# Anybody up fer a big pot of tater soup



## wdbrand (May 24, 2007)

on a cool, cloudy, drizzly day at 50*. I is!!!!!!!


----------



## Paymaster (Jan 22, 2009)

Yup! Tater soup would be good bout now!


----------



## RoryGoggin (Jan 6, 2005)

Now THAT if funny - I was just thinking that it's soon time for potato soup yesterday as the "cold front" came through.


----------



## RuddeDogg (Mar 20, 2004)

Just had me some New England Clam chowder. I'm good to go.


----------



## flathead (Dec 18, 2003)

Tater soup and clam chowder are wintertime favorites here.


----------



## clean one (Nov 7, 2006)

hell its 90 degrees here, but a pot of tater soup sounds good! my wife puts cabbage in hers, its great!


----------



## BigJeff823 (Oct 14, 2002)

I like some Gumbo when them Cold November days come in.


----------



## markedwards (Jan 29, 2001)

BigJeff823 said:


> I like some Gumbo when them Cold November days come in.

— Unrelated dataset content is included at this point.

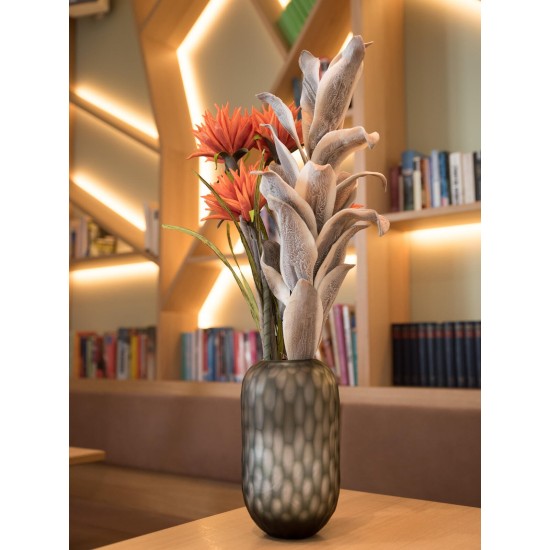 Pianta Artificiale EUROPALMS Dahlia Arancione 100 cm con Fiori Realistici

 i'm with you! thank god i married a cajun


----------



## RAYTOGS (May 8, 2010)

My wife puts a can of corned beef it her potato soup. Man thats good when its cold out.


----------



## wdbrand (May 24, 2007)

How da hell you afford canned corned beef? I can recollect when people would snicker attcha fer etin corned beef. Po mans meal. At $4.99 per 1 lb can, I doubts iffen Warren Buffet could affords it.


----------



## RAYTOGS (May 8, 2010)

Well, i dont et it to offen. Besides , i tried cookin a brisket and couldnt get it done on the inside to suit me. I cant stand a piece of bloody meat, and thats what i had after smoking it for damn near 6 hours. Once in a while i can find the canned stuff 2 for 1.


----------